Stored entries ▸
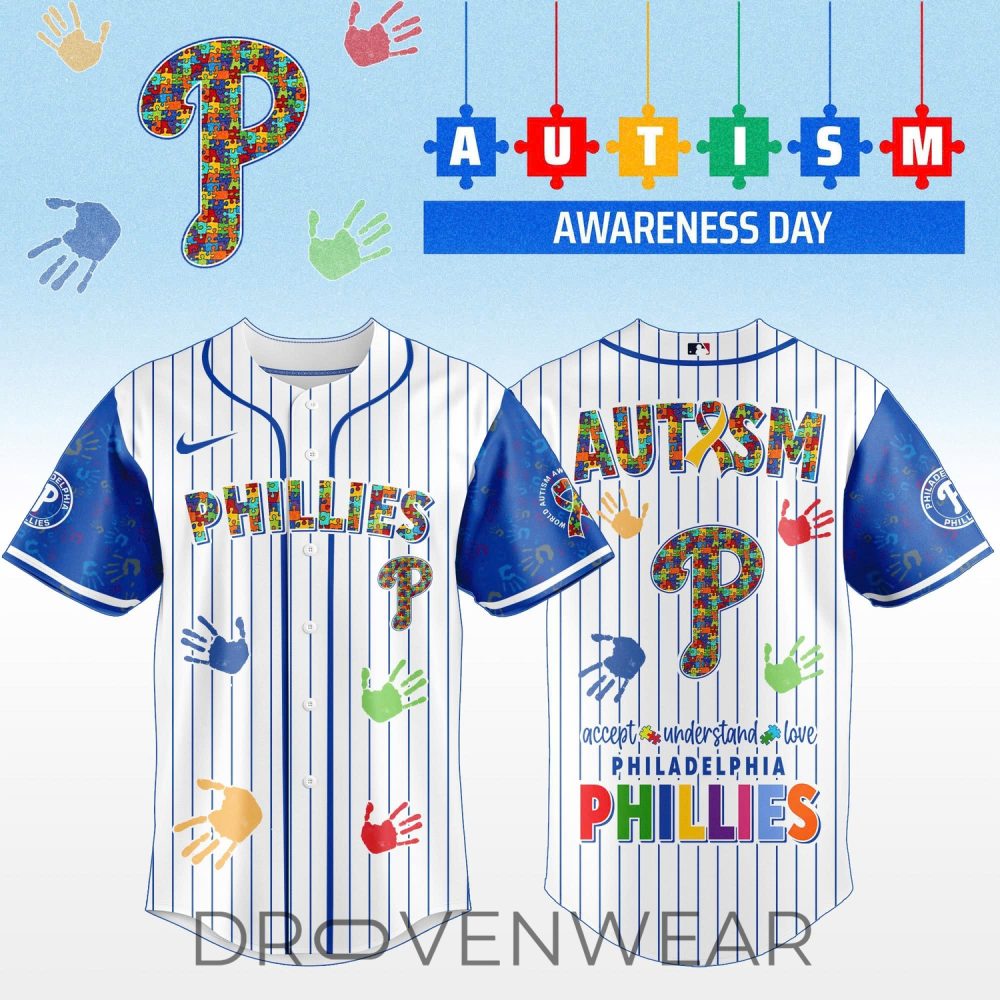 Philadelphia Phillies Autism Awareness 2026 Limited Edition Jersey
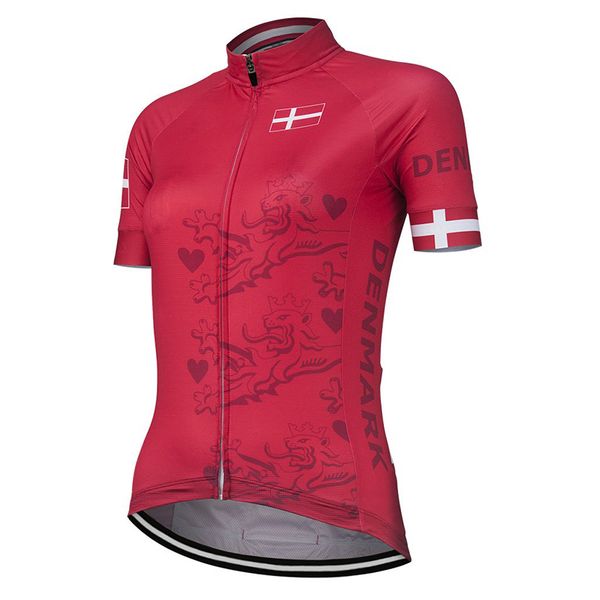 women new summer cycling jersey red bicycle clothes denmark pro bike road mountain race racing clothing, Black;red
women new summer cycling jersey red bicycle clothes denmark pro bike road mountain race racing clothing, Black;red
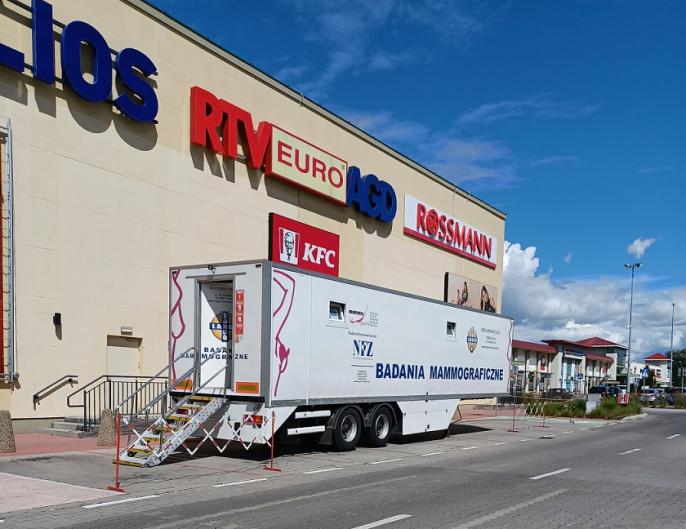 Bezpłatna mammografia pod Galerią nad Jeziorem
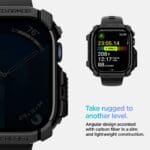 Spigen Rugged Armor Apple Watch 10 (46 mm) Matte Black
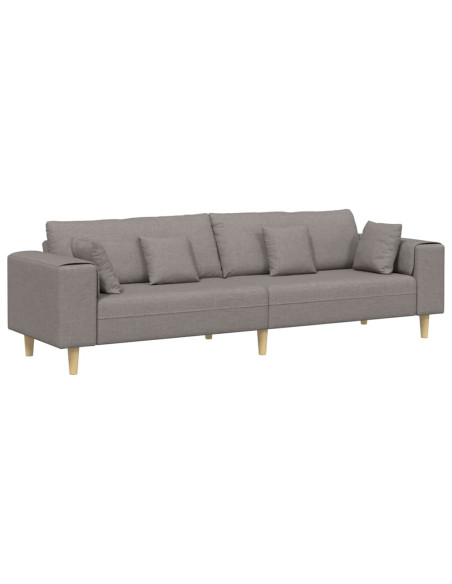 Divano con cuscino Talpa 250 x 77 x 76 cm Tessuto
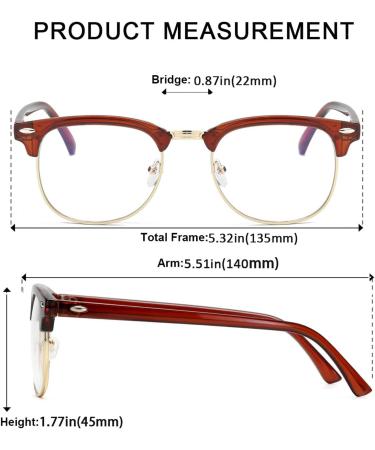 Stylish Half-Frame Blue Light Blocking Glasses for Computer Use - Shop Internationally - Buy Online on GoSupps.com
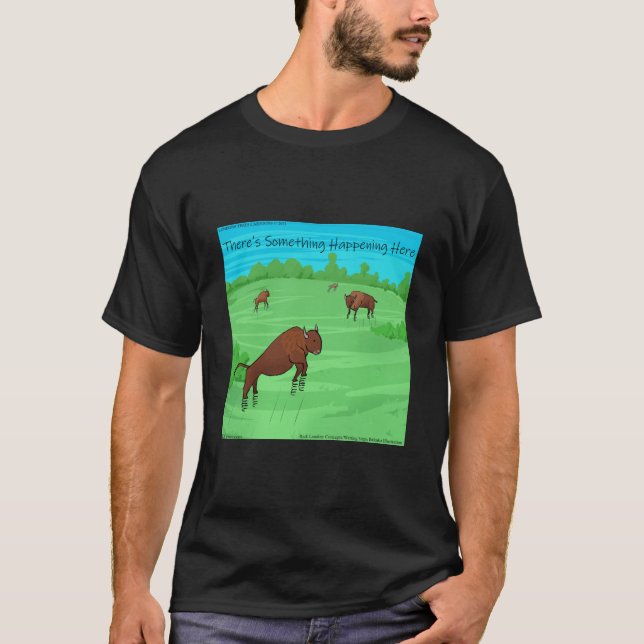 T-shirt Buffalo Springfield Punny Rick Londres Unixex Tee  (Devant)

WORK INSTRUCTIONS ▸
With images excluded, write the records above out again exactly.

REPLY TO THE TASK ▸
 Philadelphia Phillies Autism Awareness 2026 Limited Edition Jersey
 women new summer cycling jersey red bicycle clothes denmark pro bike road mountain race racing clothing, Black;red
women new summer cycling jersey red bicycle clothes denmark pro bike road mountain race racing clothing, Black;red
 Bezpłatna mammografia pod Galerią nad Jeziorem
 Spigen Rugged Armor Apple Watch 10 (46 mm) Matte Black
 Divano con cuscino Talpa 250 x 77 x 76 cm Tessuto
 Stylish Half-Frame Blue Light Blocking Glasses for Computer Use - Shop Internationally - Buy Online on GoSupps.com
 T-shirt Buffalo Springfield Punny Rick Londres Unixex Tee  (Devant)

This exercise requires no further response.